Quality control in text-driven, meta-heavy games
Undertale and Deltarune are not just wordy. They are self-aware about being games and constantly play with player expectations. That meta layer is precisely where many translations struggle.
Wordplay around SAVE points, stats, or battle text can be hard to replicate in languages where the same abbreviations and double meanings do not exist. Jokes that depend on English spelling, rhythm, or cultural associations might need to be rebuilt from the ground up, not just rewritten. The tone can be earnest and cutting in the same sentence. That makes it harder for even excellent translators to be confident they have not missed an intended subtext.
In most studio pipelines, this is exactly why localization teams get close collaboration with writers and narrative designers. But for a one-person-led project, “collaboration” usually means the same person answering questions about line after line. It becomes dev work in itself.
Fox’s choice to prioritize authorial certainty over coverage is a clear example of where that kind of game design collides with localization reality. When every line matters, every line in every language also has to matter, or the creator will hesitate to sign off.
Accessibility and global reach without the culture-war framing
It is easy for conversations about localization to slide into culture-war narratives about which regions “deserve” attention or whether creators are being deliberately exclusionary. Fox’s explanation points to a more grounded, less inflammatory truth.
Accessibility, in this context, is about resourcing and trust. How much time can a tiny team spend on languages its lead cannot read? How much does a creator feel obligated to personally endorse every translated joke? How do platform restrictions on fan patches leave some audiences more reliant on official work than others?
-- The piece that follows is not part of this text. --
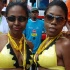 ip_mon_2008_pt1-054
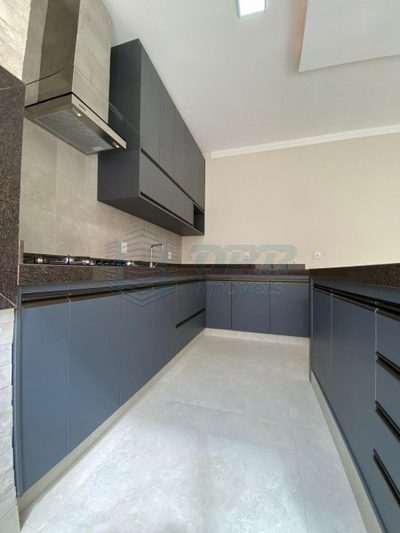Casa, 300 m² - Foto 2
Localizations open doors for players with less English or Japanese proficiency, but they also cost years of cumulative labor to support over a game’s lifespan. That tension does not go away just because the developer is beloved and the fan demand is intense.
For indie auteurs, there are no perfect answers. Delegating more heavily to localization specialists can increase reach but asks the creator to relinquish some control. Staying tightly involved preserves the game’s voice but effectively caps how global that voice can be.
Undertale and Deltarune sit right on that fault line. Their influence, memes, and music travel easily across borders. Their words do not travel quite as freely, at least not with an official stamp.
What this means for future auteur-led indies
Fox’s situation is not unique, just unusually visible. As more solo or small-team projects blow up worldwide, they will run into the same choice point. Do they architect localization into the project from the start, build internal workflows, and accept looser personal control? Or do they follow the Undertale model, where a single person’s standards are the gatekeeper for each supported language?
Neither route is inherently right or wrong, but each carries consequences for who gets to comfortably experience the game.
For players, this is a reminder that even the most heartfelt indie masterpiece still operates under constraints of time, language, and human bandwidth. For developers, Undertale and Deltarune are a cautionary example of how much harder it is to retrofit localization practices once a game has already become a global hit.
Toby Fox is not rejecting his international audience. He is, perhaps stubbornly, protecting the integrity of a voice that made that audience fall in love with his work in the first place. The cost of that protection is clear for anyone waiting for official subtitles in their own language.
The conversation around Undertale and Deltarune’s translations is less about who is right and more about what is possible when one author tries to personally oversee every word heard around the world.